Masih kelanjutan dari petuah wajib pak direktur, petuah
kedua yang beliau pesankan kepada kami adalah filosofi primum non nocere.
Kalimat ini jika diterjemahkan dalam bahasa Indonesia kurang lebih artinya
adalah: pertama, jangan merugikan.
Agaknya petuah yang kedua ini berkaitan dengan petuah
sebelumnya. Jika di pesan yang pertama pak direktur meminta agar kami
mementingkan kepentingan orang lain, prinsip selanjutnya adalah tidak merugikan
orang lain.
Bukankah kedua prinsip ini hampir sama? Ya, memang. Tetapi
sebenarnya berbeda.
Di prinsip yang pertama, kita diajarkan untuk mau berbagi
dan berkorban untuk kepentingan orang lain. Intinya adalah kita diharapakan menjadi
orang yang banyak memberikan manfaat bagi orang lain. Namun berbeda dengan
prinsip kedua, kita diminta untuk tidak merugikan orang lain.

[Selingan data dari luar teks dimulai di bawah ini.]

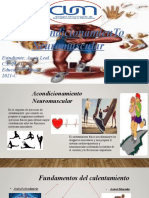 Acondicionamiento Neuromuscular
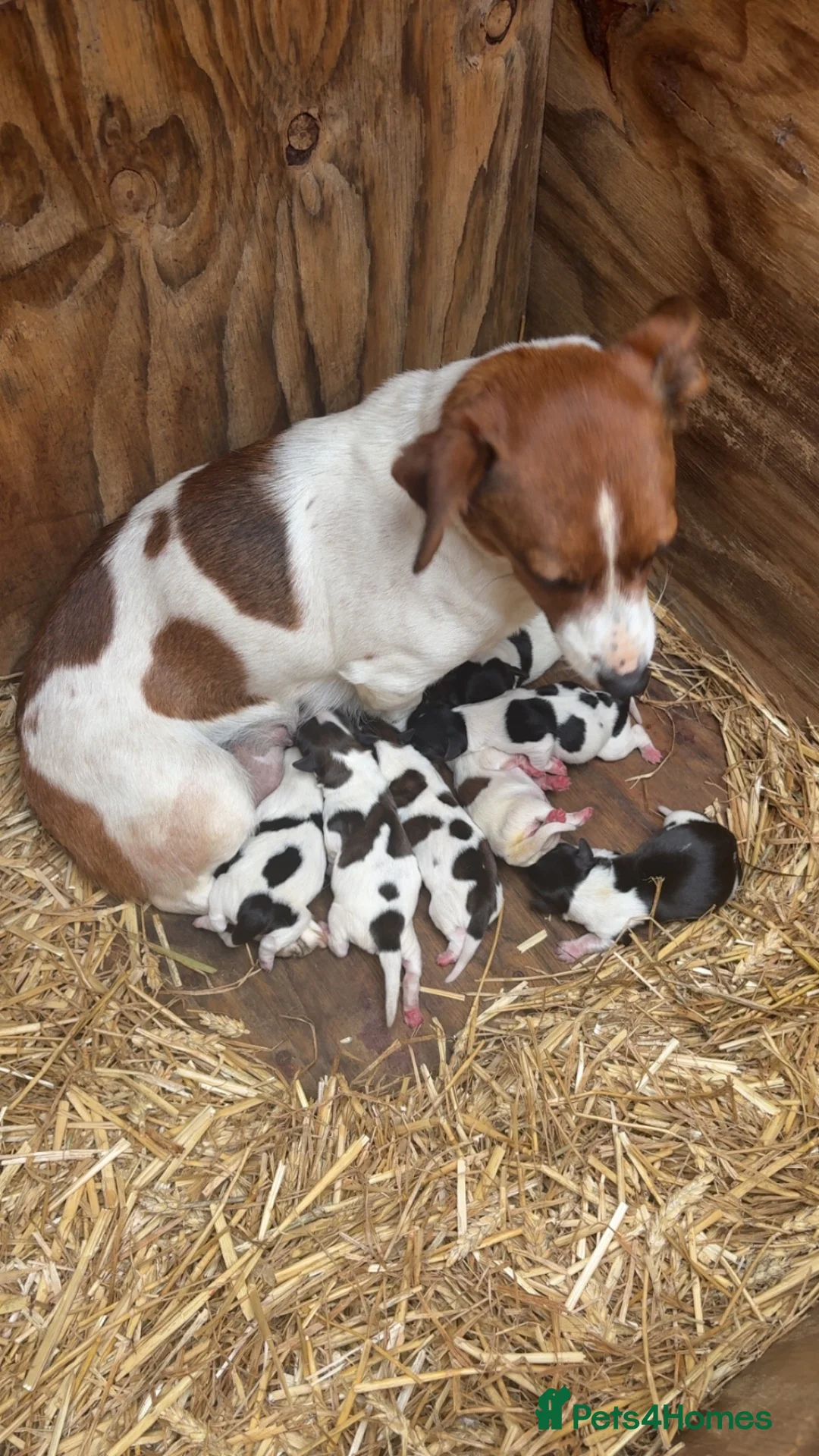 Jack Russell dogs for sale: Jack Russell pups - Advert 1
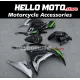Kawasaki Ninja 300 2013-2018 Fairing P/N 4W12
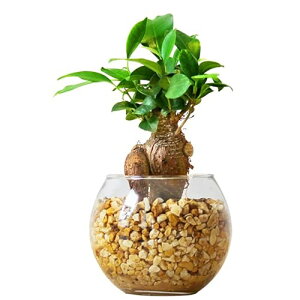  KW} ygȂ ϗtA ~j { nChJ`[ [ICg nCh{[ ܂ ܂̖ K̖ k͔|  CeA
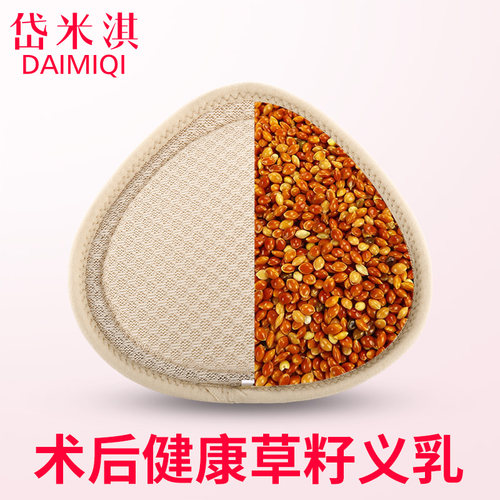 岱米淇义乳文胸二合一套装乳腺癌术后前扣内衣轻质草籽义乳假乳房 - 图1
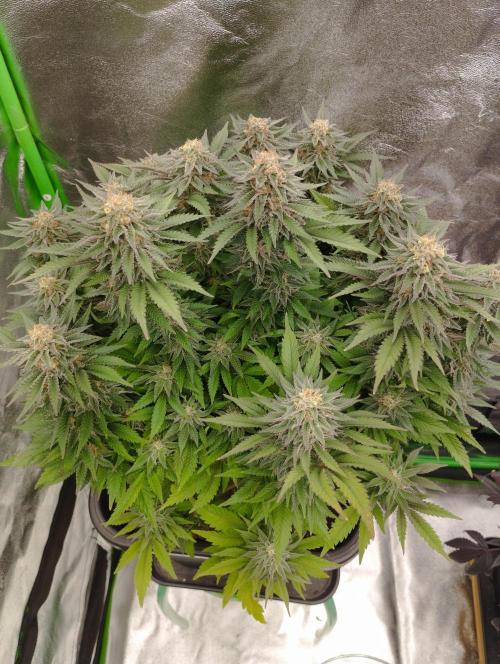 White Widow -Kera Seeds. Week 15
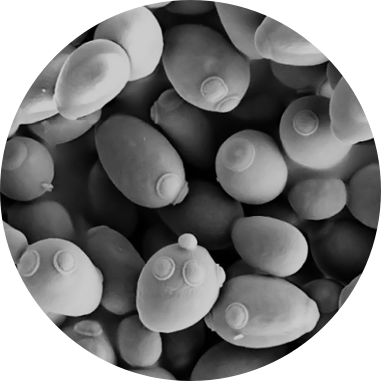 Saccharomyces cerevisiae yeast through scanning electron microscopy
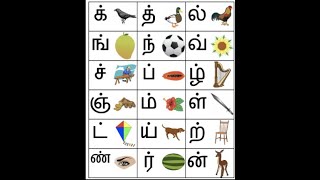 Learn to Pronounce Tamil Letters Consonants  க் to ன் மெய் எழுத்துக்கள் [upl. by Lasonde932]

Kalimat ini bisa memberi dua makna. Yang pertama, ketika
kita mementingkan kepentingan orang lain, jangan sampai pengorbanan yang sudah
kita lakukan itu justru merugikan orang lain. Mungkinkah? Mungkin saja. Misal
kita sudah bersedia membantu, tetapi karena kita tidak mampu lantas kita justru
melakukan tindakan malpraktik.
Makna yang kedua bisa jadi konsep merugikan di sini adalah
merugikan bagi kedua belah pihak. Bisa jadi niat kita adalah mengutamakan
kepentingannya tetapi ternyata justru berdampak lebih buruk baginya. Atau jangan
sampai ketika kita berkorban, kita justru merugikan diri sendiri. Tertular penyakit
misalnya.
Kalau saya analogikan, kedua filosofi ini mirip dengan teori
manfaat dan madharat. Sebisa mungkin, kita harus memberikan manfaat. Namun sekiranya
justru menimbulkan madharat, maka jangan diambil. Begitu jika suatu hal
tersebut memiliki manfaat dan madharat. Maka, berikan manfaatnya dan jangan
torehkan madharat.
Yup, itulah filosofi altruisme dan primum non nocere yang
bisa saya tangkap, memberi manfaat tanpa ada madharat.